• **Work to complete**:
Starting at the line with "Soil moisture check for houseplants", repeat every line exactly until the records end, including the last one.
**********
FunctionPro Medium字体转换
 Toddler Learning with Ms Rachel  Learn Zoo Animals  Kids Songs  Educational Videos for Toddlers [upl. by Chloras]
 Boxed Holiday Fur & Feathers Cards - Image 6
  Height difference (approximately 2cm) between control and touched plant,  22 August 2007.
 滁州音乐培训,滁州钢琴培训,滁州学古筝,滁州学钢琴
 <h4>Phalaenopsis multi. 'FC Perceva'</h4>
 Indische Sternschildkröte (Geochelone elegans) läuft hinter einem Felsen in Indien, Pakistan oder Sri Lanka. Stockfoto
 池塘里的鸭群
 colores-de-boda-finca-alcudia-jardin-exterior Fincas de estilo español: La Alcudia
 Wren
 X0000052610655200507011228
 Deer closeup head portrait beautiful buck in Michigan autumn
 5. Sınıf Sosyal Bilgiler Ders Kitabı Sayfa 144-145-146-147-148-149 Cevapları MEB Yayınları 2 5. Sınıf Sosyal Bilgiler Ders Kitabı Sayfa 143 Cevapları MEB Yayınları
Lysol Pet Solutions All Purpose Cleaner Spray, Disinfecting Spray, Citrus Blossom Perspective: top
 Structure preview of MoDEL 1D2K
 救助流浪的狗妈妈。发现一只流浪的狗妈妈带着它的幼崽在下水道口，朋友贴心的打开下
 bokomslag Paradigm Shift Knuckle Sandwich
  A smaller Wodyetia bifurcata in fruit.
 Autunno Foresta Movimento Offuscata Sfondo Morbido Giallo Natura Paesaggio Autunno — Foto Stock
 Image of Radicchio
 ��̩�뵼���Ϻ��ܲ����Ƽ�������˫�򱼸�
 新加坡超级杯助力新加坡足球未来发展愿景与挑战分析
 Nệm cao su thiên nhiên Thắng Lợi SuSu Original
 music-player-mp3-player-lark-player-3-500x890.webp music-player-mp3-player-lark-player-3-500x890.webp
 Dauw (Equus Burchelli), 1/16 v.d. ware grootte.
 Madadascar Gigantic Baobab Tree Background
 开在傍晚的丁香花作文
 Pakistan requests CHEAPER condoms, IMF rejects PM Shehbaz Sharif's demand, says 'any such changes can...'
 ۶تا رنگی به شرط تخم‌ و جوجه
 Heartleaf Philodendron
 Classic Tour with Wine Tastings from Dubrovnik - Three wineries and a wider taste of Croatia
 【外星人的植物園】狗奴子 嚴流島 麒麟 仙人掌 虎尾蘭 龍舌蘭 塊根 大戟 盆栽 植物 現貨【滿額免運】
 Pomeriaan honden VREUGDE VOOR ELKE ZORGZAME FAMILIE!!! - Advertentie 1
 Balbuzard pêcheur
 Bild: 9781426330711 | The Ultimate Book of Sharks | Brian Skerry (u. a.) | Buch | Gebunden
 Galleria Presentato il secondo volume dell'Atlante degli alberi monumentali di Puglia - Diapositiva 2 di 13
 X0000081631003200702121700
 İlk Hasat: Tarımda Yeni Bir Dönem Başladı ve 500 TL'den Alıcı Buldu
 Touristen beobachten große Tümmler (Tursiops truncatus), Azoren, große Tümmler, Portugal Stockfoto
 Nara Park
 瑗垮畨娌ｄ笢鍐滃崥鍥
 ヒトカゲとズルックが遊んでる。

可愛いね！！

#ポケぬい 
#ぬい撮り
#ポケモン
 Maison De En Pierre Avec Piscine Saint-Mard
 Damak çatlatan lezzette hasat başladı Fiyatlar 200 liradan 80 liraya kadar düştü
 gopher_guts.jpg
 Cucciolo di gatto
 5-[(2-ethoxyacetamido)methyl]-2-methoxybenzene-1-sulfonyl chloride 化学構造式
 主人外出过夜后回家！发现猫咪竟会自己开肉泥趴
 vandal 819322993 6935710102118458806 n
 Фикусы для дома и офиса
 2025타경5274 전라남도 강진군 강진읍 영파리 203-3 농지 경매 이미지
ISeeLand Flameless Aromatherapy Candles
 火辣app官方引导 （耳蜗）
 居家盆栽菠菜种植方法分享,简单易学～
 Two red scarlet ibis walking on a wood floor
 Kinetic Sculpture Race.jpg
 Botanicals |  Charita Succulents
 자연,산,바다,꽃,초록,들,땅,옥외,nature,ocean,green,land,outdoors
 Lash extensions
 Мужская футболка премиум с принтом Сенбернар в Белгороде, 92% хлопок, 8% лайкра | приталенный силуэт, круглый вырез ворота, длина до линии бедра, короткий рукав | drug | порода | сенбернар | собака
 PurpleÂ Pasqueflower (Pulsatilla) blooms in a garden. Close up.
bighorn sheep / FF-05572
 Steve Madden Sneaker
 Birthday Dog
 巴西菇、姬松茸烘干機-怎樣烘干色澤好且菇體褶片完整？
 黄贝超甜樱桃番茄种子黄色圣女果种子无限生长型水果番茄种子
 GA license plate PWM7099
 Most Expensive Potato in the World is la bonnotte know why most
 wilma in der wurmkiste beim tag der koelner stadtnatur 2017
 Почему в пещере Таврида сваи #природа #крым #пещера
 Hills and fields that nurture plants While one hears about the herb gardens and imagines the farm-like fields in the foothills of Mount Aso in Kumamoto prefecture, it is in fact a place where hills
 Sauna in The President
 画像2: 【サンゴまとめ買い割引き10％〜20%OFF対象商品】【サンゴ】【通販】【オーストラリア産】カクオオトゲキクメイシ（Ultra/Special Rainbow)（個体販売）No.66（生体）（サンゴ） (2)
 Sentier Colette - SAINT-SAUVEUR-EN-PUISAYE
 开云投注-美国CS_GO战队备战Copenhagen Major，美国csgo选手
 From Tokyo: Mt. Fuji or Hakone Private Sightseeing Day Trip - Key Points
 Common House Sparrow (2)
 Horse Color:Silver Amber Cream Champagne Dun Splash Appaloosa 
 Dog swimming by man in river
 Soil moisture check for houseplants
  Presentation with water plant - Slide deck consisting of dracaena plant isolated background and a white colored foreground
**********
• **Written response**:
 Soil moisture check for houseplants
  Presentation with water plant - Slide deck consisting of dracaena plant isolated background and a white colored foreground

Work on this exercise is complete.